Setelah sempat menyalakan lampu rumah dan juga lampu garasi, saya menyambar sebuah lampu senter dan mencari ke arah larinya si Kucing malang itu. Dengan senter yang cukup terang itu saya mengelilingi rumah, tak ada hasil. Entah menghilang ke mana dia tadi. Meong-nya pun sudah tidak terdengar lagi. Mungkin sembunyi di bawah tumpukan kayu milik tetangga itu, tapi aku senter-senter tidak ada juga sosoknya. Takutnya nanti malah tetangga lihat saya sorot-sorot tumpukan kayunya lalu curiga macam-macam, aku memutuskan untuk tidak mencarinya lagi. Masuk rumah, mandi.

Keesokan harinya adalah hari libur tengah minggu. Tanggal merah. Biasanya malam menjelang libur begitu saya agak larut malam tidurnya. Bukan begadang juga sih, hanya sayang menghabiskan waktu buat tidur doang. Mendengarkan streaming musik dari Spotify biasanya masih menjadi pilihan mengisi waktu.

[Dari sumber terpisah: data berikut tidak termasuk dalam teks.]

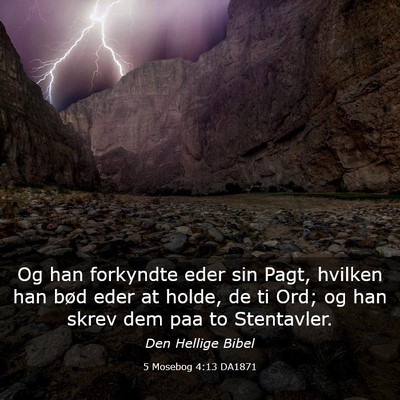 Picture 03 - 5 Mosebog 4:13 DA1871 - Og han forkyndte eder sin Pagt, hvilken han bød - Bible Verse Picture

Pagi yang indah itupun tibalah. Setelah subuh saya biasanya tidur lagi kalau libur begitu. Tapi pagi itu saya terperanjat oleh suara meong lagi ketika hendak mancal selimut. Semalaman tidak ada suara kucing itu, tapi kenapa pagi ini nongol lagi? Tanpa berpikir panjang saya langsung keluar rumah dan mencari sumber suara. Sepertinya ke arah garasi. Suara itu… ada di dalam ruang mesin mobil lagi! Rupanya si Meong menyelinap kembali ke dalam mobil ketika saya masuk rumah buat menyalakan lampu tadi malam. Aku buka kap mobil, dianya sudah berada di atas bagian mesin, kalau tidak salah itu kotak saringan udara. Aku pegang dengan mudahnya, lalu aku turunkan. Kali ini dia tidak menyelinap kebawah mobil.

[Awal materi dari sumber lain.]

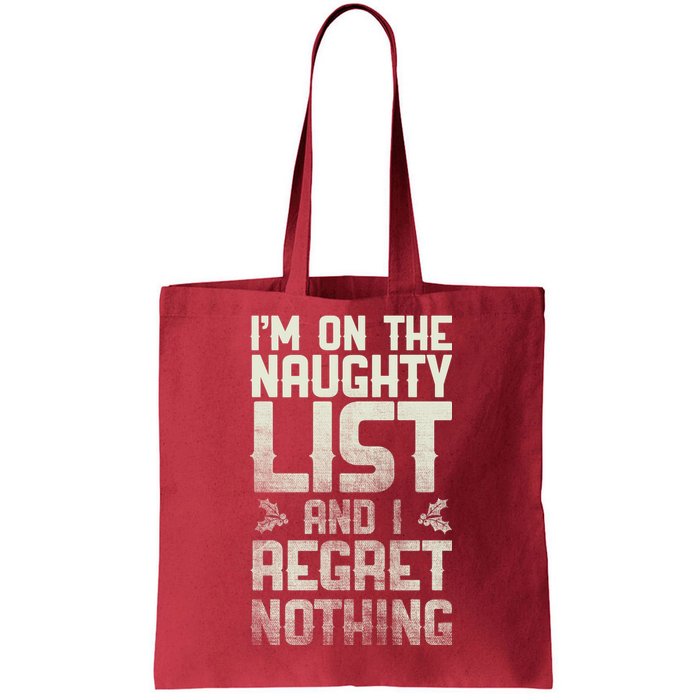 I'm On the Naughty List and I Regret Nothing  Tote Bag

Ada sisa potongan ikan mentah di dalam kulkas. Kau kasih ke si Mpus. Pasti dia kelaparan. Malam yang dingin telah dia lalui tanpa cemilan sedikitpun. Benarlah, dilahapnya ikan itu sampai tinggal tulang belulangnya doang. Padahal tadi masih beku baru keluar dari freezer.

Niat mau mengembalikan ke tempat asalnya akhirnya saya urungkan. Saya sendiri tidak yakin dari mana dia ikutan naik mobil. Bisa jadi dia memang sejak dari rumah tadi sudah ada di mobil. Setelah dipikir-pikir, ada baiknya saya piara saja dia sebagai teman di rumah. Ya sebenernya saya tidak terbiasa memelihara kucing. Tapi dengan baca-baca artikel di internet mungkin bisa membantu bagaimana baiknya memelihara kucing. Lagian kucing kampung macam dia agaknya lebih adaptif buat hidup. Enggak terlalu ribet seperti kucing jenis lain yang mahal-mahal itu. Bisa makan apa saja dan di mana saja. Termasuk dipiara dengan ala kadarnya. Tidak perlu diada-adain buat kucing begini. Tak perlu makanan khusus, vitamin khusus, shampoo buat mandiin dia, parfum, dan segala tetek bengek perlengkapan ala kucing mahal.

Cukup merebus air, menyediakan air hangat buat mencuci bersih bulunya yang kotor itu. Adanya cuma Sunlight® pencuci piring. Mungkin kotoran berminyak bisa larut. Sekalian kuman-kumannya bisa mati! Hahaha… jadilah si Mpus kucuci seperti caraku mencuci piring!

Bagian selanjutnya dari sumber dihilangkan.